In Arkansas, dissatisfied labor unions worked hard against Lincoln

Sen. Blanche Lincoln and her husband fill out paperwork before voting in Little Rock.
Sen. Blanche Lincoln and her husband fill out paperwork before voting in Little Rock. (Danny Johnston/associated Press)
Wednesday, May 19, 2010

Willie Holmes moved to Arkansas last year to push Sen. Blanche Lincoln (D) on the union membership bill known as "card check." He lost, but he stayed to sway her vote on health care.

That did not go his way, either, but Holmes is still here. On Tuesday, he sat with four colleagues in the Plumbers and Steamfitters Local 155 union hall and waited for the votes to roll in. He was hoping that, this time, Lincoln would fall.

Holmes is a field director for Working America, an AFL-CIO operation that played a big role in keeping Lt. Gov. Bill Halter (D) competitive with Lincoln, a well-known and well-financed incumbent.

"If people say they're voting for Blanche Lincoln," Holmes said, "we try to change their mind."

Working America started eight weeks ago with six organizers. At its peak, the group sent 45 paid workers a day to knock on doors, Holmes said. In all, the group spoke to about 90,000 people in 27 towns and sent 1.75 million pieces of pro-Halter mail.

A pairing of the Service Employees International Union and the Communications Workers of America reached an additional 85,400 prospective voters who agreed to discuss the Senate campaign, said Jon Youngdahl, SEIU national political director.

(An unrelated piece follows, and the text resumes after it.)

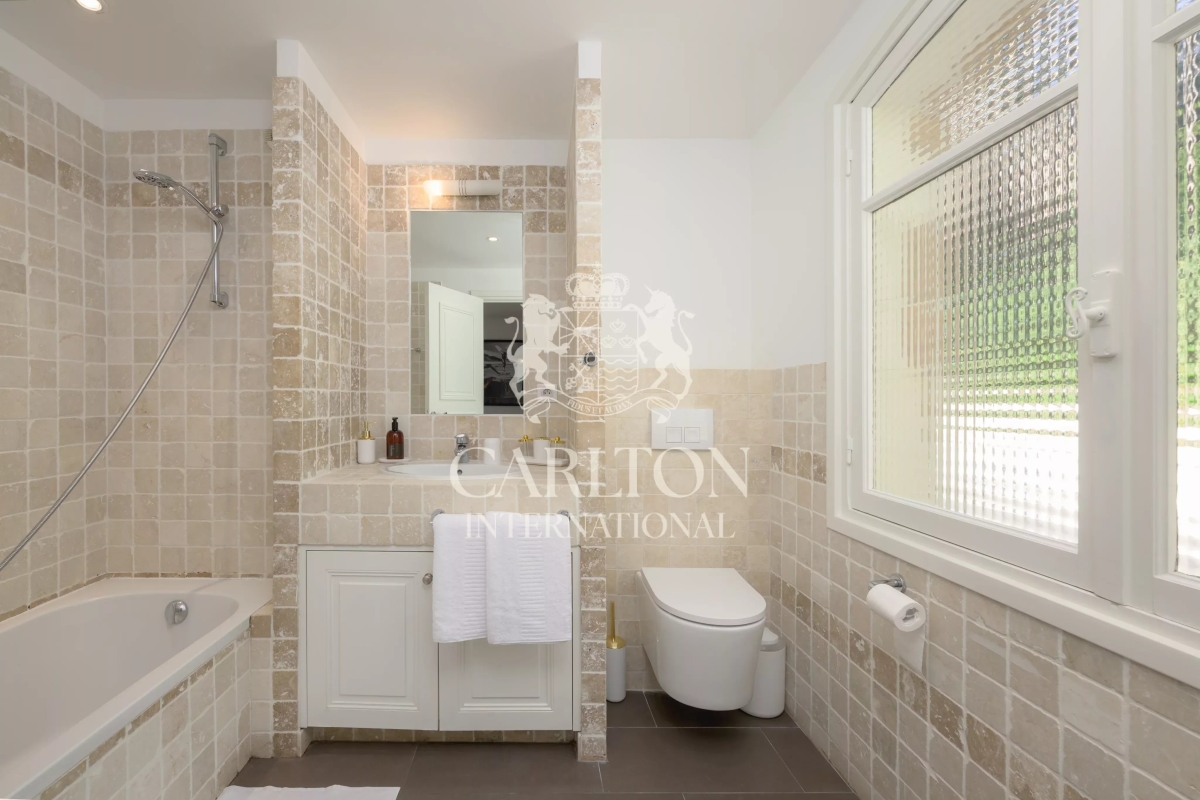 Maison de luxe à louer à Vallauris, 11 000 €, Photo 7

SEIU, which has only 1,000 members in the state, spent more than $1.5 million, including a $1 million television buy, Youngdahl said. The national AFL-CIO spent $3 million or more on Halter's behalf, spokesman Eddie Vale said.

The effort was fruitful: Lincoln and Halter are heading to a June 8 runoff.

That pleased Halter, who said Tuesday evening that his campaign was "on the way to a very, very good night."

"Three weeks from today," Halter said, "we're going to finish the job."